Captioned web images
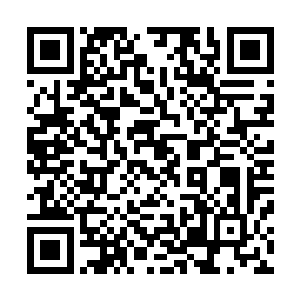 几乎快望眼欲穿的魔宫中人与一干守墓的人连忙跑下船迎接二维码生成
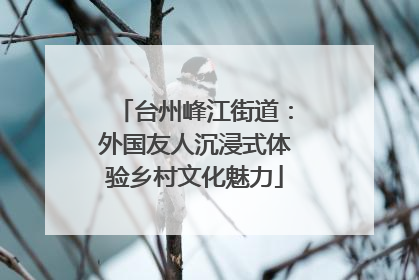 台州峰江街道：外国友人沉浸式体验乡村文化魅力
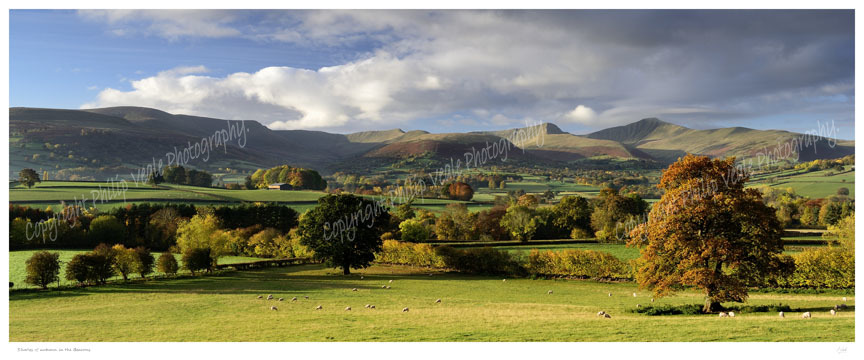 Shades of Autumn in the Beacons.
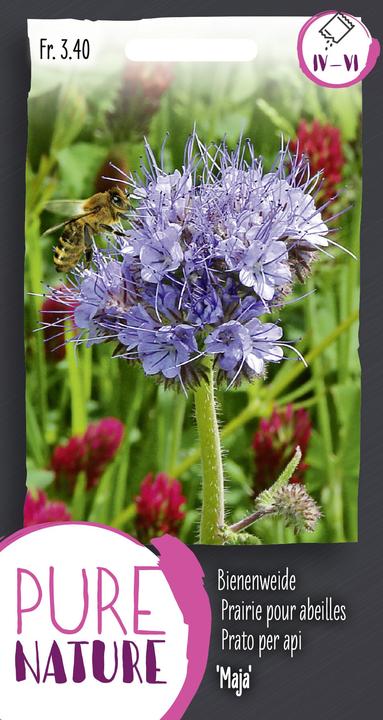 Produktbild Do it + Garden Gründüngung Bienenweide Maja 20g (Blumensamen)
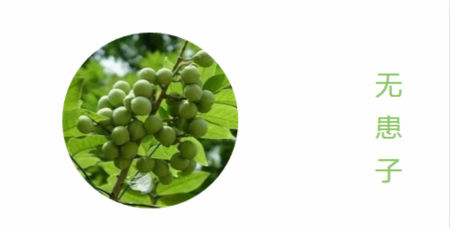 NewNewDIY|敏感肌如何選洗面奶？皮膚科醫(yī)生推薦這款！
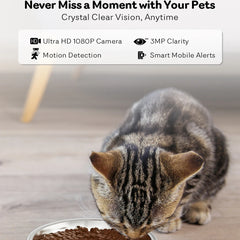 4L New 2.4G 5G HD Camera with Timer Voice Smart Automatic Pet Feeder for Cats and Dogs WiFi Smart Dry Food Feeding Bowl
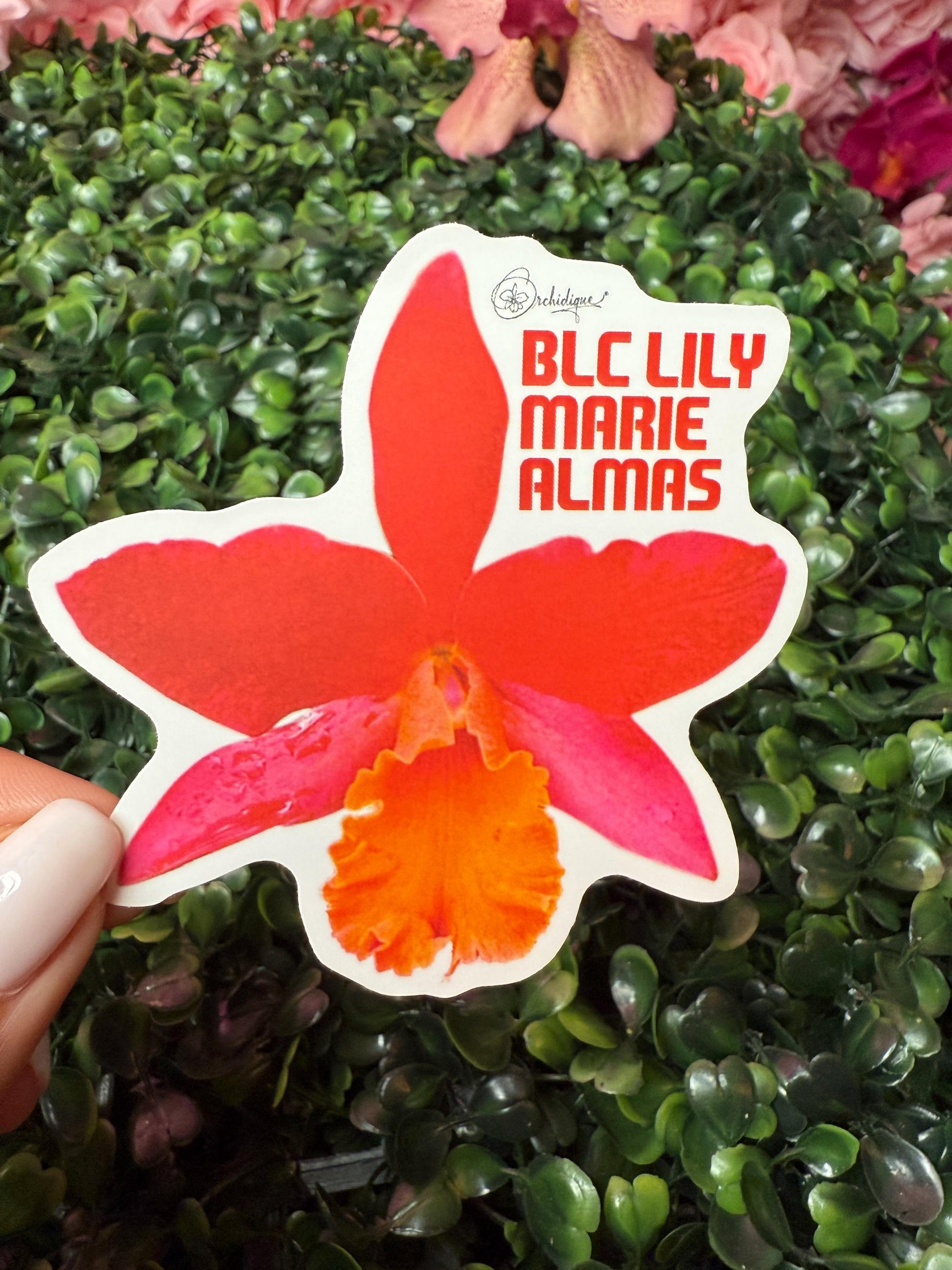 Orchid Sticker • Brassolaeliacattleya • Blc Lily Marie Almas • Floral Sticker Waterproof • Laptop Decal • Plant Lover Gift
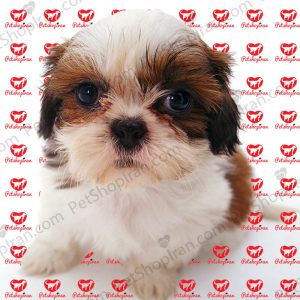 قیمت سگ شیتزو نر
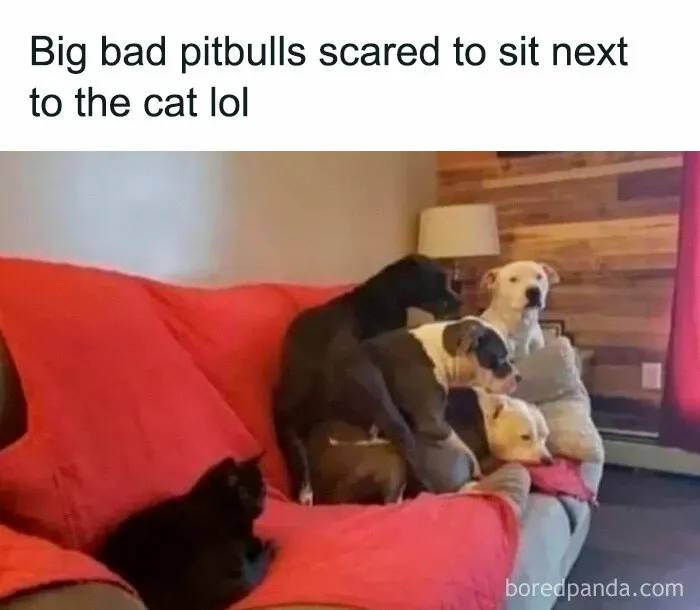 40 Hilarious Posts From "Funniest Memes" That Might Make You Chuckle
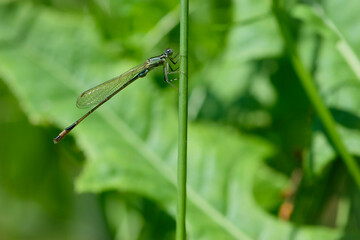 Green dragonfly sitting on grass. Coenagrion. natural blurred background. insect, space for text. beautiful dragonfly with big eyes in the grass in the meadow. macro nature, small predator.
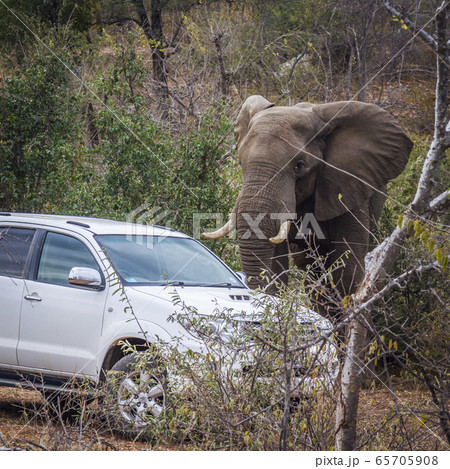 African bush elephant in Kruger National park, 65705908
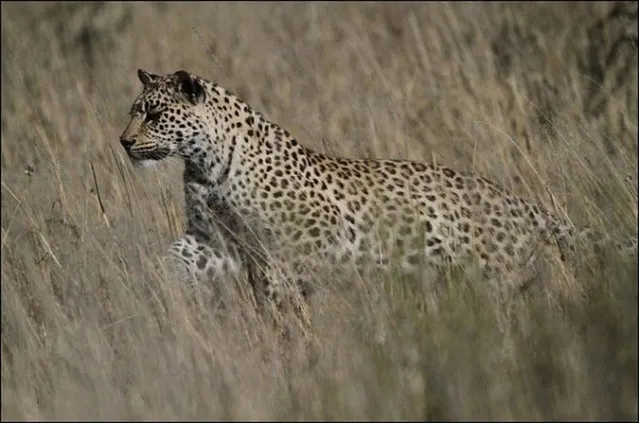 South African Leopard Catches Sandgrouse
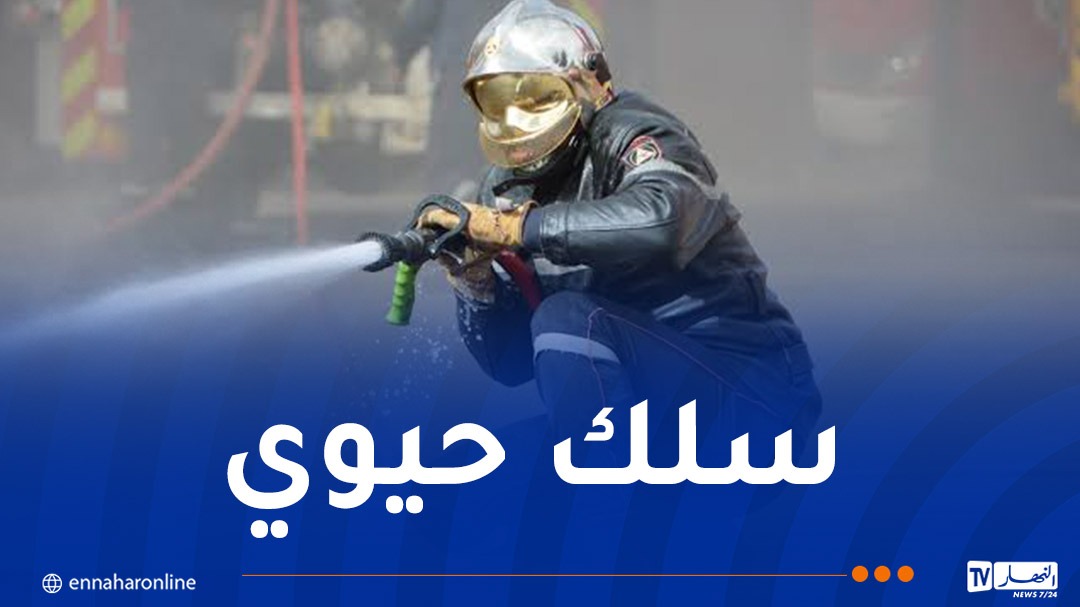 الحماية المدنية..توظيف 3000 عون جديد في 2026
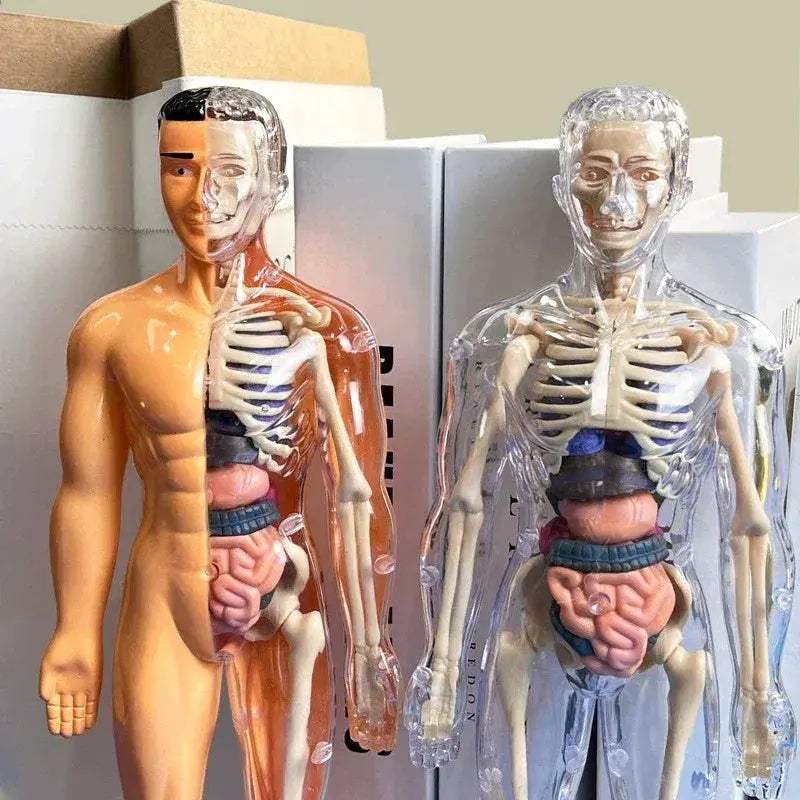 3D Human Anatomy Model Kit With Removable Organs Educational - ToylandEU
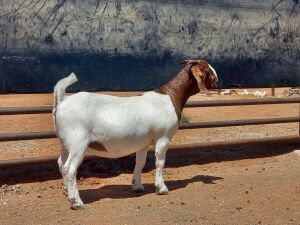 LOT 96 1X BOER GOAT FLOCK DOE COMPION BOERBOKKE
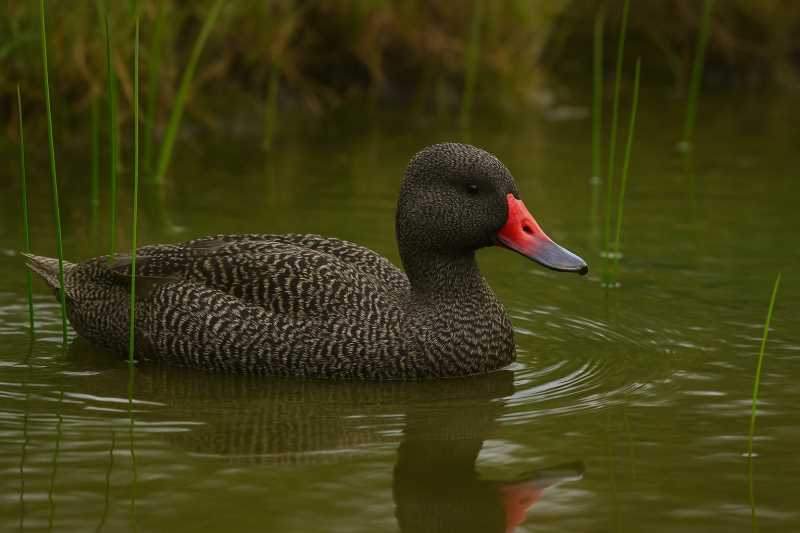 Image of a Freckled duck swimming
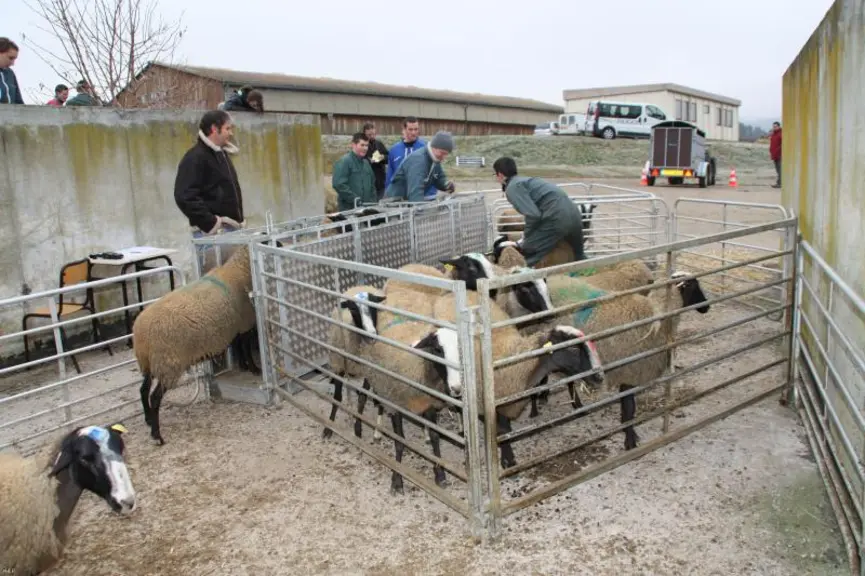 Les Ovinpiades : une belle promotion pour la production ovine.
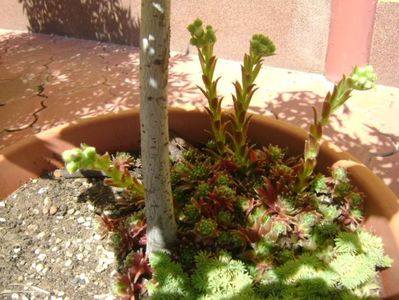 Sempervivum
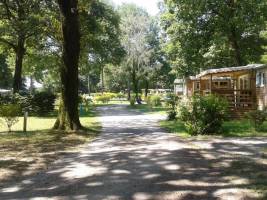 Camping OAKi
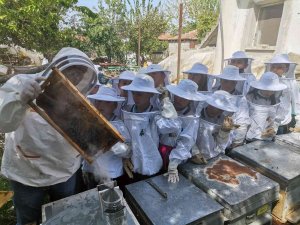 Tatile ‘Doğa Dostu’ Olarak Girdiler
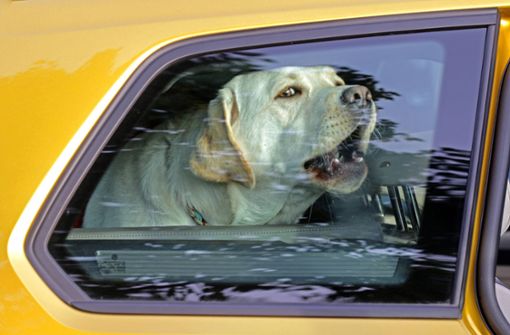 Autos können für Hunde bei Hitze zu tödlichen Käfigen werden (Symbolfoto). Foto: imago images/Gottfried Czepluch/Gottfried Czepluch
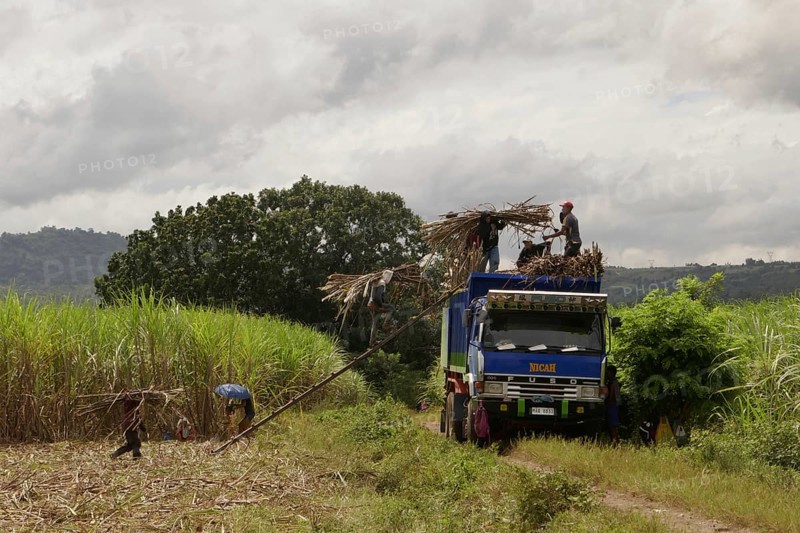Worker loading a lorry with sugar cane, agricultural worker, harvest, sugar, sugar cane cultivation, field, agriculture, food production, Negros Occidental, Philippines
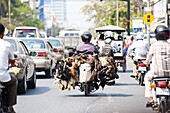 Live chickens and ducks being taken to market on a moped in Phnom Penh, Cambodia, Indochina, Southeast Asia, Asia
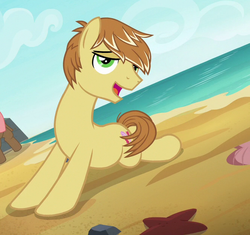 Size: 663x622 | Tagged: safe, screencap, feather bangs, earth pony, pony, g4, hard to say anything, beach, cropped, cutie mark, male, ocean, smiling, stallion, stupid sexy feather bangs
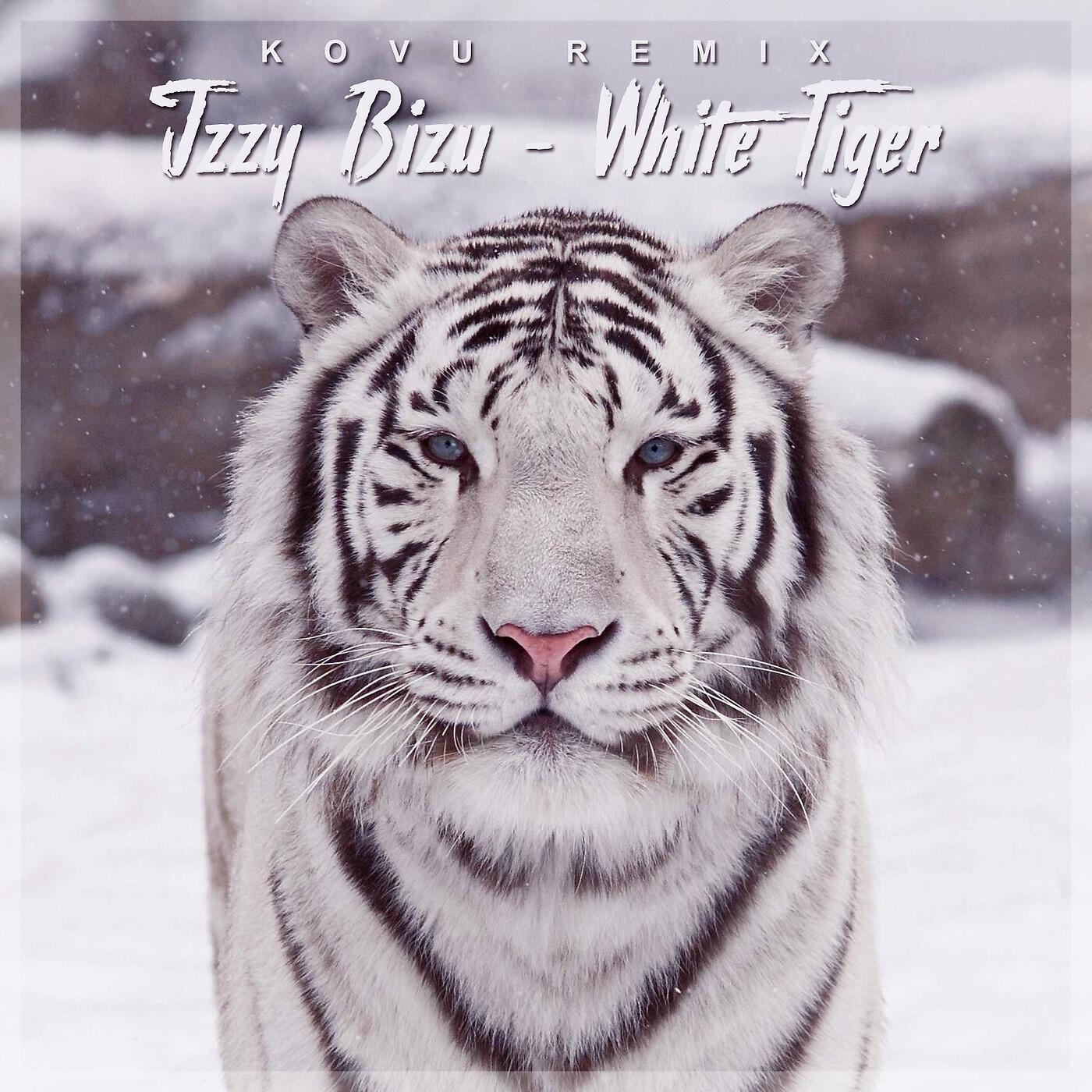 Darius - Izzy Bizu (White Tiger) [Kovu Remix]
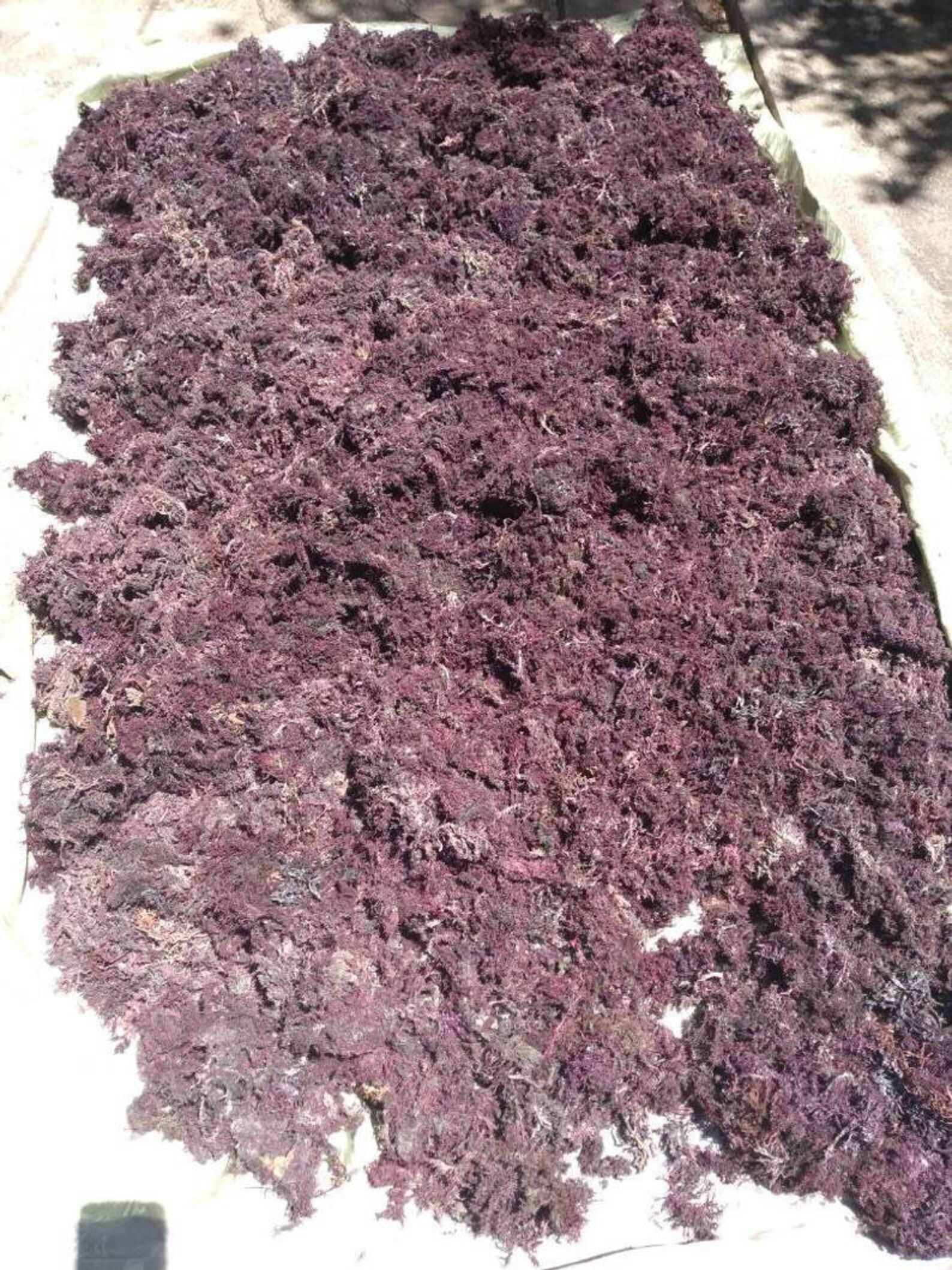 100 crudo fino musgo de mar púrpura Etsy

§ PROBLEM REQUIREMENTS:
For this exercise, copy each line of the data above exactly, from the first through the line containing "40 Hilarious Posts", and drop the pictures.

§ RESPONSE TO THIS EXERCISE:
 几乎快望眼欲穿的魔宫中人与一干守墓的人连忙跑下船迎接二维码生成
 台州峰江街道：外国友人沉浸式体验乡村文化魅力
 Shades of Autumn in the Beacons.
 Produktbild Do it + Garden Gründüngung Bienenweide Maja 20g (Blumensamen)
 NewNewDIY|敏感肌如何選洗面奶？皮膚科醫(yī)生推薦這款！
 4L New 2.4G 5G HD Camera with Timer Voice Smart Automatic Pet Feeder for Cats and Dogs WiFi Smart Dry Food Feeding Bowl
 Orchid Sticker • Brassolaeliacattleya • Blc Lily Marie Almas • Floral Sticker Waterproof • Laptop Decal • Plant Lover Gift
 قیمت سگ شیتزو نر
 40 Hilarious Posts From "Funniest Memes" That Might Make You Chuckle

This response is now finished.